One thing for sure that once these fears of Chinese currency devaluation and Oil prices stops slowing or even stabilized at one price then India is the country the world will be looking to invest. So now the bottom-line is don’t sell in panic in current market selloff. These all are temporary external shocks that India is going through. India’s fundamentals are intact and is the only country growing above 7% per annum. The below are few stocks that have performed excellent in past and now due to market selloff came down and may go into more pressure if market comes down in near term. But investors willing to gain excellent returns can stay invested or if possible add few stocks to average the stock prices.

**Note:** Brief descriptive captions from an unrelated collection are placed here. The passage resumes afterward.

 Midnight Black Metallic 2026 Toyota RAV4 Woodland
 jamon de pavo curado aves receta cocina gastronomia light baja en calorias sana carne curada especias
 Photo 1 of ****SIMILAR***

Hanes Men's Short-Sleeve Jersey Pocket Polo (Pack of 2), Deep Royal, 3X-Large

2016 hasn’t started off in the best note for Indian equities with the CNX Nifty losing nearly 500 points (nearly six per cent) so far this year. What’s more worrisome is the mid-cap stocks faltering at a steeper pace. The CNX Mid-Cap index is down over 10 per cent since the start of 2016. With only a hand full of mid-cap stocks such as Torrent Power, Rajesh Exports, Indraprastha Gas, Emami and Mindtree (out of 100 stocks constituting the CNX Mid-Cap index) still in the green. Only 20 mid-cap stocks have survived the stock market sell off while stocks from the banking space such as DCB Bank, Bank of India, Union Bank of India, Canara Bank have plunged by 43 to 50 per cent, while others such as Power Finance Corporation, Jubilant FoodWork, Sintex Industries, Apollo Types, and Gujarat Pipavav Port have declined between 35 per cent to 38 per cent since August 2015.

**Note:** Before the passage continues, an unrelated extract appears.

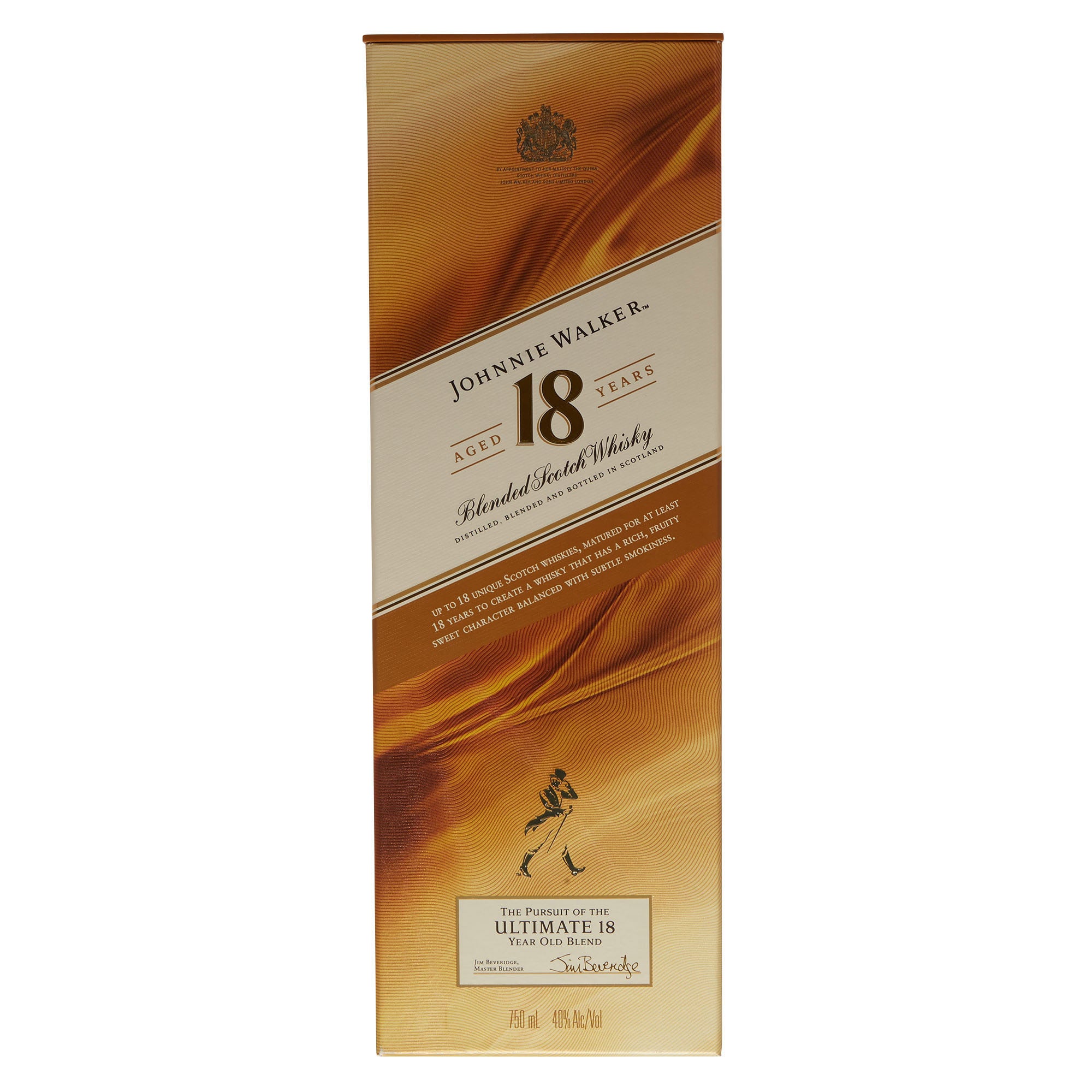 JOHNNIE WALKER ULTIMATE 18YR SCOTCH SCOTLAND 750 ML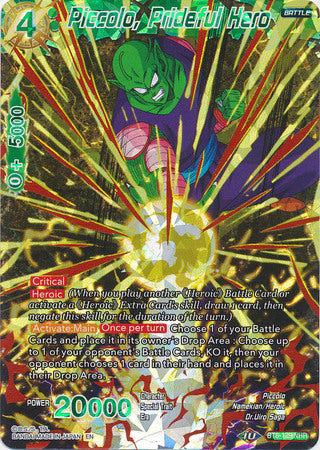 Piccolo, Prideful Hero [BT8-129] | Cracking-Singles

The period from January 2015, where 41 out of 100 mid-cap stocks continue to stay in the green despite a tepid equities market. Much as in the case of large-cap stocks, mid-cap space too seem to have positiove bias towards defensives such as Natco Pharma, Ashok Leyland, Britannia Industries and Marico gained between 40 per cent and 60 per cent since January ‘15, while that of Rajesh Exports (up 377 per cent since January 2015) is an outlier in the pack of outperformers. Surprise entrants in the list are stocks from the non-banking financial sector such as Bajaj Finance and Bajaj Finserv with returns of 61 per cent and 44 per cent, respectively. Interestingly, with crude oil prices constantly making fresh lows and the outlook for gas availability improving, stocks in the oil and gas segment such as Hindustan Petroleum, Indian Oil, Gujarat Sate Petronet and Indraprastha Gas too continue to hold up their gains (up 20 to 45 per cent gains since January ’15).

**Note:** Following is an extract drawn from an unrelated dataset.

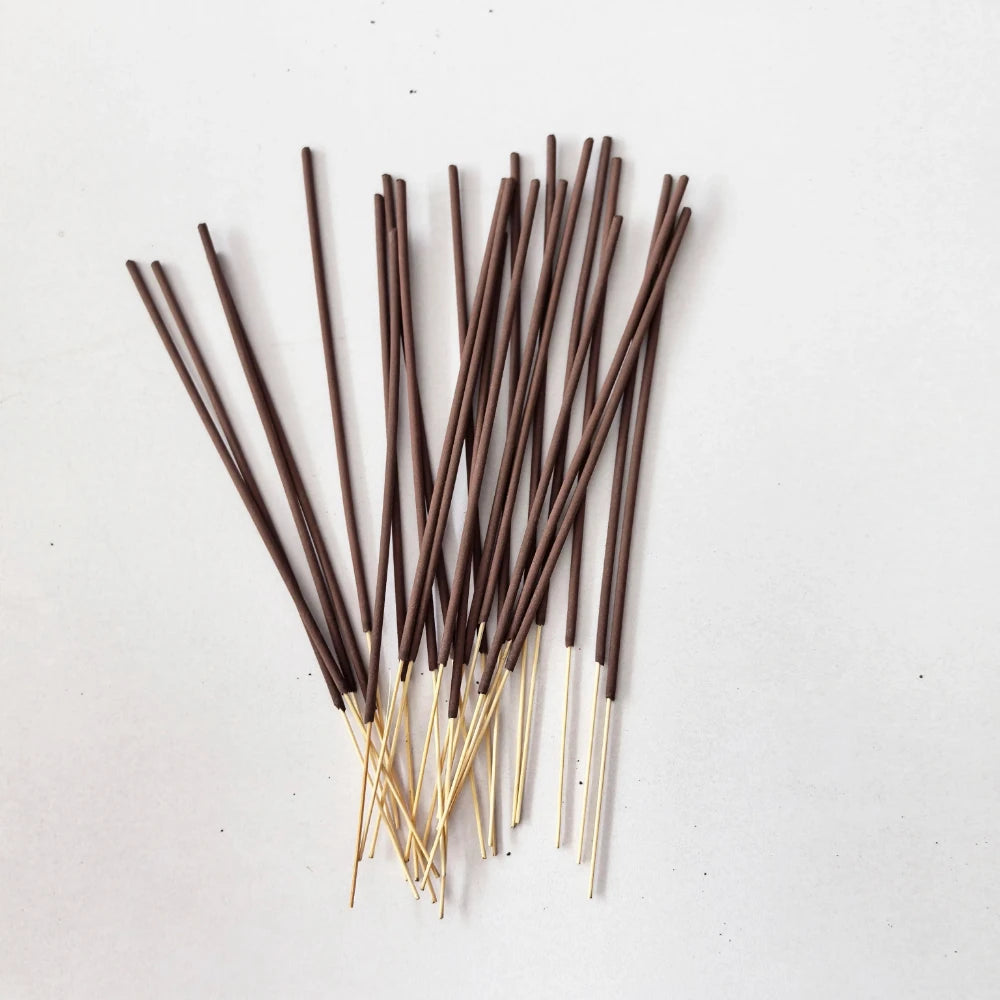 High-Grade Coffee-Scented Incense Sticks, Made of Natural Fragrance Powder, a Must-Have for Home with Long-Lasting Fragrance Qme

Even on a longer time horizon, while the Nifty returned 19 per cent since January 2011, the mid-cap index grew by 36 per cent during this period, thus re-iterating the faith on mid-caps. Stocks such as Vakrangee, Bajaj Finace, Amara Raja Batteries and Page Industries have outperformed the mid-cap index by posting gains of 700 to over 900 per cent during this period, while the stock of Ajanta Pharma has risen from Rs 29 level in January 2011 to now trade at Rs 1,158. Only 34 out of 100 stocks would have been wealth destroyers in this period, thus indicating that the screening and cherry picking processes is the key to benefit from mid-cap stocks.